Gautier de Metz (also Gauthier, Gossuin, or Gossouin) was a French Catholic priest and poet. He is primarily known for writing the encyclopedic poem L'Image du Monde. Evidence from the earliest editions of this work suggests his actual name was Gossouin rather than Gautier.

==Image du Monde==

In January 1245, Gautier wrote L'Image du monde (French, the image of the world) or Imago Mundi, an encyclopedic work about creation, the Earth and the universe, wherein facts are mixed with fantasy. It was originally written in Latin in the form of 6594 rhymed octosyllabic verses divided into three parts. Some parts of the Image du Monde were compiled from various Latin sources, especially Jacobus de Vitriaco, Honorius Augustodunensis, and Alexander Neckam; indeed, the author himself did not introduce the fantastic elements of the work, which rather originated in his sources. The work was partly illustrated.

The first part of the work begins with a discussion of theological matters, with much of it parallelling the work of Augustine of Hippo. It then goes on to describe the seven liberal arts before turning to cosmology, astrology, and physics: "The world is in the shape of a ball. The heaven surrounds both the world and ether, a pure air from which the angels assume their shape. The ether is of such startling brilliance that no sinner can gaze at it with impunity: this is why men fall down in a faint when angels appear before them. Ether surrounds the four elements placed in the following order: earth, water, air, fire." The physics in the work is inaccurate, stating that when stones are dropped, "if these stones were of different weights, the heaviest would reach the centre [of the Earth] first." The sky is presented as a concrete object: "The sky is so far away from us that a stone would fall for 100 years before reaching us. Seen from the sky, the Earth would be in size like the smallest of the stars."

The second part of the Image du Monde is mostly geographical in nature, repeating many errors from older sources but questioning some of them. It describes the fauna in some of the regions it discusses. It then attempts to explain atmospheric phenomena, describing meteors, which many at the time perceived as dragons, as a dry vapor that catches fire, falls, and then disappears, and also discussing clouds, lightning, wind, etc.

The third part consists largely of astronomical considerations, borrowing heavily from Ptolemy's Almagest, and also describes some classical philosophers and their ideas, often inaccurately, claiming, for instance, that Aristotle believed in the holy trinity and that Virgil was a prophet and magician. It contains attempts to calculate the diameter of the Earth and the distance between the Earth and Moon.

A prose edition was published shortly after the original poetic work, probably by the original author. A second verse edition was later published in 1247, adding 4000 verses to the poem, dividing it into only two parts rather than three, and changing the order of the contents.

The Image du Monde was translated from Latin into French in 1245. It was also translated into Hebrew twice and into many other languages in the Middle Ages.
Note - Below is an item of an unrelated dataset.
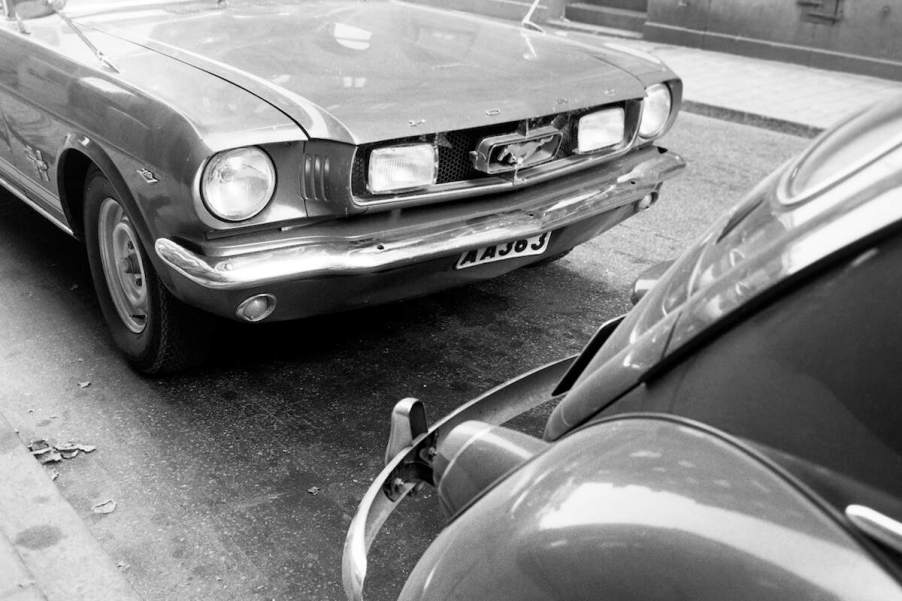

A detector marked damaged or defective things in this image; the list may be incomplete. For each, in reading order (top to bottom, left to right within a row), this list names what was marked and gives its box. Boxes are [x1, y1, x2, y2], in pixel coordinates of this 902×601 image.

damaged chrome bumper [154, 149, 684, 290]
damaged chrome bumper [342, 354, 576, 600]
In 1480 William Caxton published an English translation from the French translation of the Image du Monde as The Myrrour of the World at Westminster; this was the first English book to be printed with illustrations and was one of the earliest English-language encyclopedias. A second edition was printed around 1490, and a third was printed in 1527 by Lawrence Andrewe, though the first edition was seemingly the most carefully prepared. The translation was largely faithful to the original but introduced more references to English places and people.